Privacy and Platform Requirements
Telepractice sessions involve protected health information, which means the technology used must comply with federal privacy rules. Healthcare providers are required to use platforms from vendors who sign a business associate agreement and meet HIPAA security standards. In practical terms, this means the video platform must encrypt data in transit and at rest, and the vendor must take contractual responsibility for protecting any health information that passes through its system.
This is why clinicians can’t simply use consumer video chat apps for clinical sessions. Purpose-built telehealth platforms or HIPAA-compliant configurations of mainstream tools are necessary.
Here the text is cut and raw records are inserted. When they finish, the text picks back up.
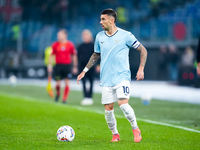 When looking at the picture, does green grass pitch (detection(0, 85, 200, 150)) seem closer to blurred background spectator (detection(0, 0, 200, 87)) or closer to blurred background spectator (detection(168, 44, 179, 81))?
blurred background spectator (detection(0, 0, 200, 87))

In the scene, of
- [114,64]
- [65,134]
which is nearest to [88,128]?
[65,134]

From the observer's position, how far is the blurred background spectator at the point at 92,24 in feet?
117

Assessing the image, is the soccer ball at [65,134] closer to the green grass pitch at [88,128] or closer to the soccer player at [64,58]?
the green grass pitch at [88,128]

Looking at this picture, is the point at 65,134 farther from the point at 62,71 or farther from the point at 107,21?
the point at 62,71

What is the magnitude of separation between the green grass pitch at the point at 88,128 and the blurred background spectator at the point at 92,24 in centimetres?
1826

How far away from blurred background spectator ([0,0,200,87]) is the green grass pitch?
1826cm

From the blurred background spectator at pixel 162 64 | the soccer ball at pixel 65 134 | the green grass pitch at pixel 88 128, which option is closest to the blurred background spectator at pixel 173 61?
the blurred background spectator at pixel 162 64

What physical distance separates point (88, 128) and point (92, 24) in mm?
29819

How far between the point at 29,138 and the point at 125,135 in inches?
65.7

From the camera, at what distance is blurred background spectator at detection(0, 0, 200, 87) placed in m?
35.8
If you’re receiving telepractice services, the platform your clinician uses should have these protections already built in.
Licensing Across State Lines
One of the biggest practical barriers to telepractice has been state licensing. A speech-language pathologist licensed in one state historically couldn’t treat a client sitting in another state without obtaining a second license. This created real access problems, especially for families in rural areas or those who relocated mid-treatment.
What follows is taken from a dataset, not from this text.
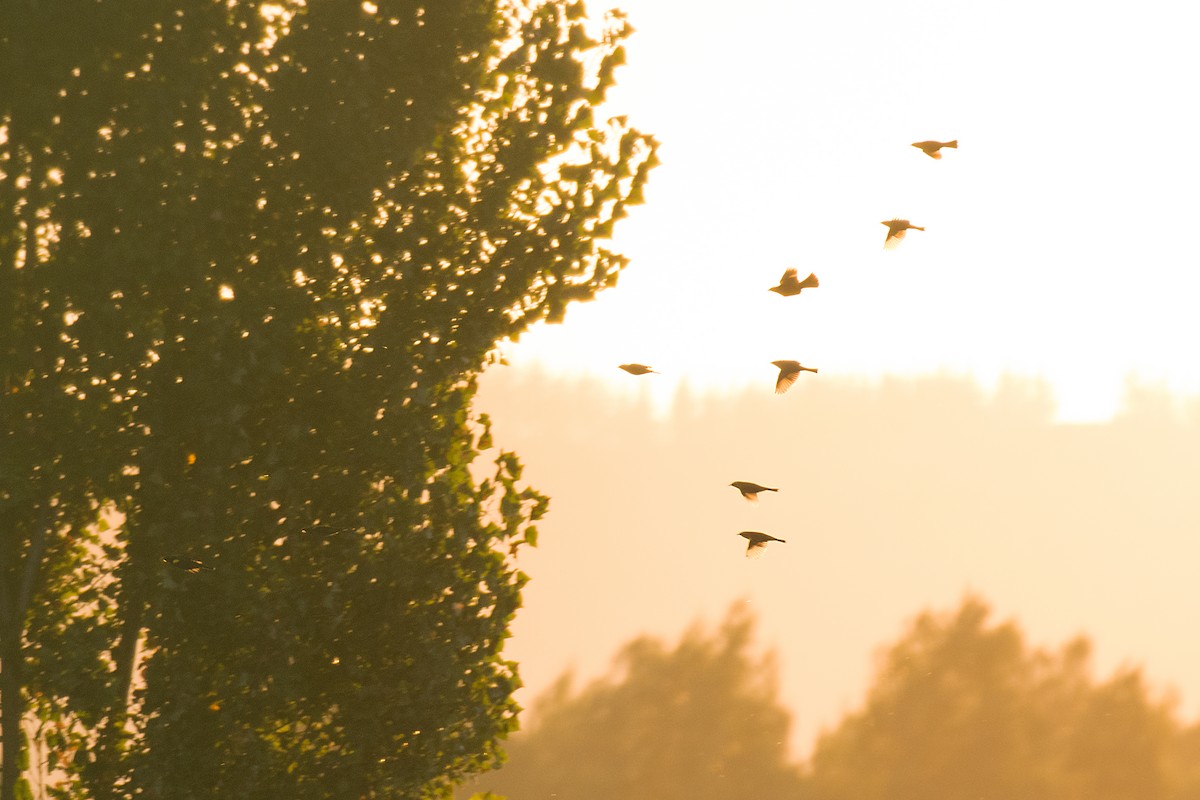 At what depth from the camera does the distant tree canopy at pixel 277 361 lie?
1235 centimetres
The Audiology and Speech-Language Pathology Interstate Compact (ASLP-IC) is designed to solve this. Currently with 34 member states, the compact allows licensed professionals in good standing to practice in other participating states through a streamlined “compact privilege” rather than requiring a full separate license. The compact aimed to go live in summer 2025, which would make cross-state telepractice significantly more accessible for both clinicians and clients.
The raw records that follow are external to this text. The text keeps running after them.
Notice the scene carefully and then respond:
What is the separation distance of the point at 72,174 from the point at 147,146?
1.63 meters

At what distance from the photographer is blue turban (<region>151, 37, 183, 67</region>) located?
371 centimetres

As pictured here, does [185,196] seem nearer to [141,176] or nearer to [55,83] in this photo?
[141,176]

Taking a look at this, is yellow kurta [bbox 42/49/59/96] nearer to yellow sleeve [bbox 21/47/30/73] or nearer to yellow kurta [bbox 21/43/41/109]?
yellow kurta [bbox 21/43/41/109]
How Widely Telepractice Is Used Today
Telepractice existed before 2020, but the pandemic transformed it from a niche option into a mainstream delivery method. Across healthcare broadly, telehealth use nearly tripled compared to pre-pandemic levels. In 2018, about 25% of physicians reported using any form of telehealth weekly. By 2024, that number was 71.4%. While these figures cover all of healthcare rather than speech-language pathology specifically, they reflect the same dramatic shift that occurred in communication sciences.
What’s notable is that usage has stayed high. The 2024 numbers are only slightly below the 79% peak reported during 2020, suggesting that both clinicians and clients found genuine value in the format rather than treating it as a temporary workaround. For speech and language services in particular, telepractice has become a permanent part of how care is delivered, especially in schools, early intervention programs, and private practices serving geographically dispersed clients.
Insurance and Billing
Telepractice sessions are billed using the same procedure codes as in-person visits. A standard office evaluation delivered over video uses the same code it would use face to face, with a modifier added to indicate the session was conducted remotely. The modifier tells the insurance company how the service was delivered: through real-time audio and video, through audio only, or through an asynchronous system. The billing also specifies whether the client was at home or at another location, such as a school or satellite clinic.
Coverage varies by insurer and by state. Medicaid programs in many states explicitly cover audiology and speech-language pathology services delivered via telepractice, though the specific rules differ. Private insurance policies vary more widely. If you’re considering telepractice, checking your plan’s telehealth coverage before starting is the most reliable way to avoid surprises.